Posting my own answers looks like I'm fishing for points; not posting makes everyone repeat work I've already done. Marking my answers as Community Wiki helps avoid that stigma
I've even seen people post a question, and then post a fully thought out answer to it about 30 minutes later. It was clear they knew the answer - they just felt it was an unanswered question that they could answer for the community
I've done this, but explicitly stated in my question that I would give my answer separately. In your case, yours is the only answer to the question and may give the impression that you are just seeking votes to increase your reputation. I did not take it that way, though.
I also agree with @ScottieT812. This should be a community wiki question.
I think that the main reason that people bagged on you was because you posted an answer only seconds after posting the question.
If your question was one where a solution could be worked out from the question (eg math questions, what’s wrong with this line of code, etc.), then it could have been explained in that typing out the question in a formal way caused you to view the problem in a new way that led to a Eureka! moment, allowing you to answer it immediately.
However, your question was one whose answer could not be derived from the problem (you asked for examples of sandbox webapp sites). Therefore, the fact that you posted an answer in less than a minute of the question, people (in my opinion rightly) found it to be quite suspicious, and that’s why you got hit.
If you’re going to do that sort of thing, at least wait an hour or so before posting an answer. That way it looks like you continued researching the problem while waiting for someone to post an answer, and found one on your own (ie, the whole point of having a self-learner badge).
answered Sep 7 '09 at 21:37
There is at least one situation where I find answering your own question mildly annoying.
If I'm perusing the list of questions, looking for something I can answer, then see a question which I know the answer to, I like to jump on it. Help a fellow out.
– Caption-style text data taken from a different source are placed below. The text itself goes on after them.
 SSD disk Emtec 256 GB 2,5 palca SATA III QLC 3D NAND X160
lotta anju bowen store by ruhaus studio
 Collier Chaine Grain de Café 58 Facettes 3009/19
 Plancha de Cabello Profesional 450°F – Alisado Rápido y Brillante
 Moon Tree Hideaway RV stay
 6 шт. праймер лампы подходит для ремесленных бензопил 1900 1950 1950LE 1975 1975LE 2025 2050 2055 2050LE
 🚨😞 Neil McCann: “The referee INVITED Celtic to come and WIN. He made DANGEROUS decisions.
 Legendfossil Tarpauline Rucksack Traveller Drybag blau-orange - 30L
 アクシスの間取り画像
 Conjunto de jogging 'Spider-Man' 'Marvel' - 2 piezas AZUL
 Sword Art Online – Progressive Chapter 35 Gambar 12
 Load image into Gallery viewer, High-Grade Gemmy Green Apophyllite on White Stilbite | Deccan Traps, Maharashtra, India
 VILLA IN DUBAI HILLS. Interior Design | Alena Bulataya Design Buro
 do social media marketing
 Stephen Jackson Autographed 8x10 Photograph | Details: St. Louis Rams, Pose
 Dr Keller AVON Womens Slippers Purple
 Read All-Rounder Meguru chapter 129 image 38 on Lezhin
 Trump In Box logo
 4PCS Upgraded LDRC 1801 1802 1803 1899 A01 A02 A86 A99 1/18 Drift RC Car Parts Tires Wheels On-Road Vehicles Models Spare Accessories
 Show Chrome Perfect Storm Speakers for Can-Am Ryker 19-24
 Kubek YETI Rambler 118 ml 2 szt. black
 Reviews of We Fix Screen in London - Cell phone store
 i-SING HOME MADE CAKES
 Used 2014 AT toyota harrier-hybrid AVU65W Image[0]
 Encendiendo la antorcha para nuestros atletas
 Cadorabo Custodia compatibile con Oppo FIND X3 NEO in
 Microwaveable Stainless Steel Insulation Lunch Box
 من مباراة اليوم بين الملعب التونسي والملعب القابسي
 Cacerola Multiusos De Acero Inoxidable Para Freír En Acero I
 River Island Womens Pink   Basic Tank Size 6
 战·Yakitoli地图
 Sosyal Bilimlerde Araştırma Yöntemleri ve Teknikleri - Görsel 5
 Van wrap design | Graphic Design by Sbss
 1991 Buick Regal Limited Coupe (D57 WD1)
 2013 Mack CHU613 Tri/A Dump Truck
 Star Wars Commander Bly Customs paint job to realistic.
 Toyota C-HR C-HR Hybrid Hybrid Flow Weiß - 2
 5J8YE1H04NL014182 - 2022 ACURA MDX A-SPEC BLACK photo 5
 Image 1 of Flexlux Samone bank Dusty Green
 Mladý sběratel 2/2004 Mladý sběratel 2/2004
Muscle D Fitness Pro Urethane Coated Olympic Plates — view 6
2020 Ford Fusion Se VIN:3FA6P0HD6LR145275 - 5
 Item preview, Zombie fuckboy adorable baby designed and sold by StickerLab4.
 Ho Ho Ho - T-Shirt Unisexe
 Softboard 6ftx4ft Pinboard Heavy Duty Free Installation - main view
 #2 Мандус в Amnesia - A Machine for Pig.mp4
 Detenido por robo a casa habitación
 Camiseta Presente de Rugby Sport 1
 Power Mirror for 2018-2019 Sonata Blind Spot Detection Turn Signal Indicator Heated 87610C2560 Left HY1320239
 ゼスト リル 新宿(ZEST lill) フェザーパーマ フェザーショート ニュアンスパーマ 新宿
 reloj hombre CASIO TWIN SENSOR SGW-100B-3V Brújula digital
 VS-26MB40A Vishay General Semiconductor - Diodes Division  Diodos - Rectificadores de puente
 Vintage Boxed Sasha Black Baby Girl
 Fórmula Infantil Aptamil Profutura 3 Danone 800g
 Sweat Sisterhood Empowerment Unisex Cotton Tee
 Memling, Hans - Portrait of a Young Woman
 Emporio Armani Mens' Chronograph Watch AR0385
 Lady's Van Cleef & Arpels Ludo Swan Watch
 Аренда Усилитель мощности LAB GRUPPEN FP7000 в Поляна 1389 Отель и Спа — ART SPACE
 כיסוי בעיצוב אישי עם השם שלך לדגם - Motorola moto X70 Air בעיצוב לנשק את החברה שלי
Then I'm halfway done writing an answer and the little "Another answer has been posted" banner pops up. I refresh the page to see that the asker has immediately answered his own question, meaning that there was no actual question.
No one wanted to know the answer, because the asker wasn't actually having a problem when he wrote the question. Even if I beat him to his own answer, it wouldn't matter because I wouldn't be helping him, he already knows a working answer.
This situation just wastes my time.
I don't mind answering your own question, but I would like it if one would only post a question if they (at the time) want an answer that they don't have. It's fine to answer your own question later if you discover the answer, be it trial-and-error, research, or a combination of other people's answers.
The difference would be akin to a man asking for the time.
The man asks if anyone has the time. No one answers right away, but someone does mention that it's sometime after 10 o'clock. He realizes that there is a clock on the wall and mentions aloud "Oh, never mind, I see that it is 10:40.
The man asks if anyone has the time. One person speaks up "It's ten fo..." but is interrupted by the first man who, while checking his watch, states "It's 10:40, just in case anyone wanted to know."
For the sake of argument, let's assume that it will always be 10:40 in whatever room this man is in.